The CTNRAs were fabricated through a simple electrodeposition method, as illustrated in Figure 1. The SEM images of CTNRAs were almost the same as pure TNRAs (Figure 2B and Figures S3C, S4B), which indicate the process of the CuPc deposition does not damage the structure of the pristine TNRAs. But from Figure 2D and Figure S3 we can observe that the surface of TiO2 was more rough compared with that of TNRAs. The HR-TEM of CTNRAs reveals a single crystalline structure in Figure 2F. Lattice fringes of 0.147 nm (002), 0.167 nm (211), and 0.249 nm (101) belong to rutile TiO2 and which is consistent with that of pure TNRAs.
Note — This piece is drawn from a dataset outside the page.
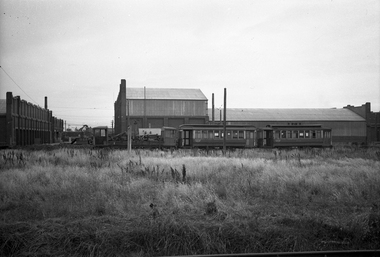 Negative, Wal Jack, c1940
Although the lattice structure of CuPc was not found, the characteristic elements of nitrogen and copper of CuPc could be seen in energy dispersive X-ray elemental mapping (Figures 2G,H). From the elemental mapping images of CTNRAs as shown in Figure 2G, it is observed that the copper and nitrogen elements from CuPc distribute as uniformly as the elements of oxygen and titanium from TiO2, which means that CuPc was successfully deposited on the surface of TNRAs and the deposited CuPc distribute uniformly on the whole surface of TiO2 nanorod.
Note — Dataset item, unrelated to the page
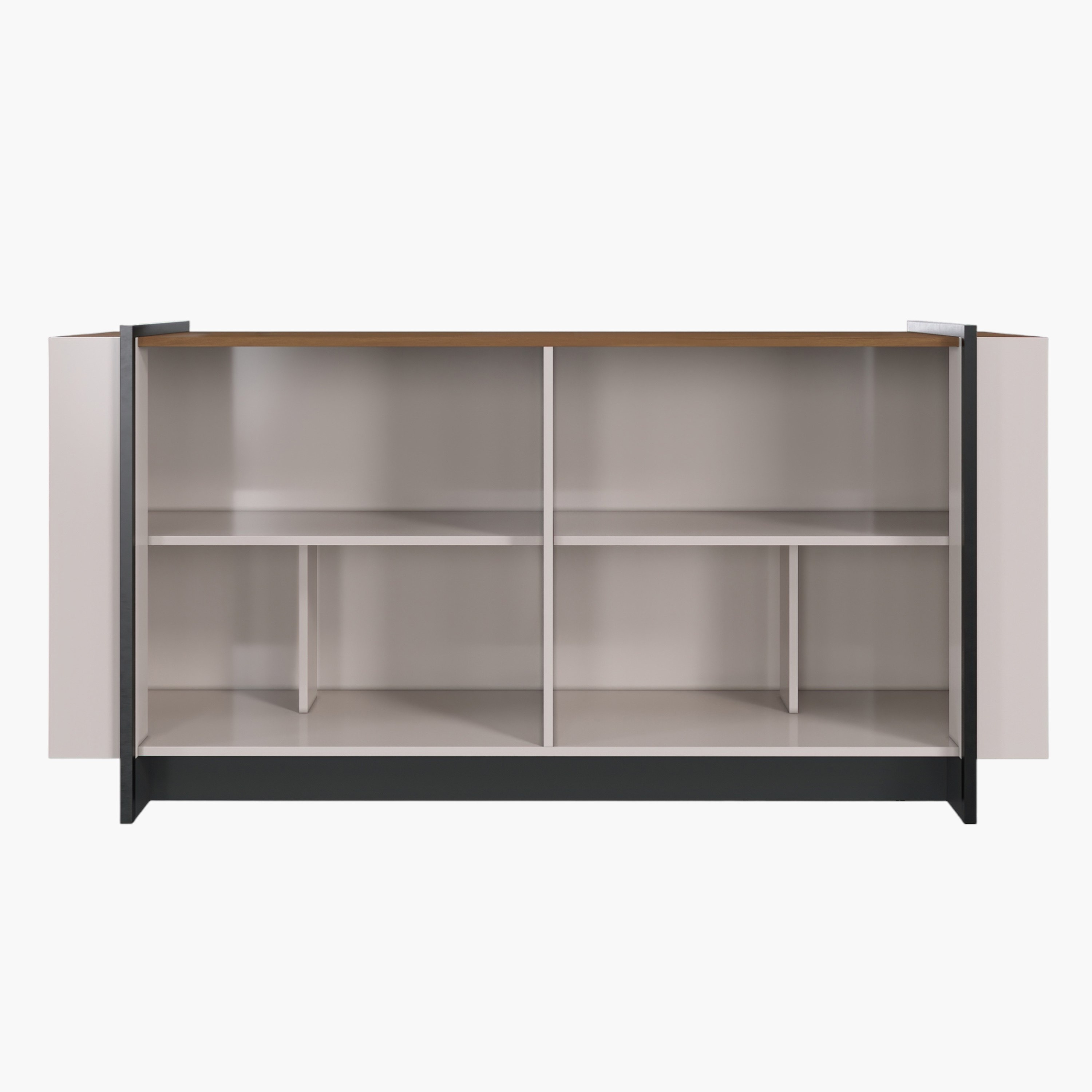 Terra 4-Door Sideboard-hbxfurniture-diningroom-buffetsandsideboards-image-4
X-ray diffraction (XRD) curves (Figure 3A) indicate that both TNRAs and CTNRAs can be ascribed to the tetragonal TiO2 with the rutile phase (JCPDS 21-1276). As for pristine TiO2, the main distinct diffraction peaks at 36.3°, 54.5°, and 62.6° can be well attributed to (101), (211), and (002) crystal planes, respectively. The XRD spectra are consistent with HR-TEM patterns. The other distinct diffraction peaks from TNRAs located at 2θ values of 27.2°, 33.7°, 38.1°, 57.1°, and 66.2 ° are attributed to SnO2 from FTO substrate. No apparent peaks of CuPc can be observed in CTNRAs samples due to the low loading of CuPc, or the amorphous state of CuPc from electrodeposition method.
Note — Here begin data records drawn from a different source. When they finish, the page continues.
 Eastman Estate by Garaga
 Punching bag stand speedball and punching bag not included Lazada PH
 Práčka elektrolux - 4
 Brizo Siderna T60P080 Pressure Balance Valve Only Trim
Figure 3. XRD patterns (A), Raman shift spectra (B) of pure TNRAs, CuPc and CTNRAs, XPS survey (C) of pristine TNRAs and CTNRAs; High resolution XPS spectra of Ti 2p (D), Cu 2p (E), and N 1s (F).
Raman spectroscopy measurements were employed to further observe the existence of CuPc on the surface of CTNRAs. The data shown in Figure 3B clearly proved that CuPc was successfully deposited on TNRAs to form CTNRAs. The spectrum of pristine TNRAs show four characteristic peaks at 143, 448, 608, and 238 cm−1, respectively, matching well with the B1g, Eg, A1g of rutile TiO2 and lattice distortion or multi spectral of rutile TiO2. In contrast, the characteristic Raman peaks located at 1,535, 1,338, and 685 cm−1 are observed in the CuPc samples (Ludemann et al., 2011), which could be accordance with the C-N stretching vibration on pyrrole bonded to central copper ion, C-N stretching vibration peak on heterocyclic ring and vibration of large phthalocyanine ring, resprctively. As for the sample of CTNRAs all characteristic peaks of CuPc and rutile TiO2 could be seen with a slightly shift, which further elucidate the existence of CuPc on CTNRAs. Optical properties of CTNRAs, CuPc, and TNRAs were measured by UV-Vis absorption measurement (Figures S6, S7). Owing to the broad band gap (3.0 eV), TiO2 only reveal a strong absorption at wavelength shorter than 410 nm. CuPc display strong absorption bands in the range of 500–800 nm. In comparison, TiO2@CuPc sample exhibit a strong absorption shorter than 410 nm, and two very weak absorption peaks at about 550 and 650 nm which results from CuPc due to the lower deposition amount.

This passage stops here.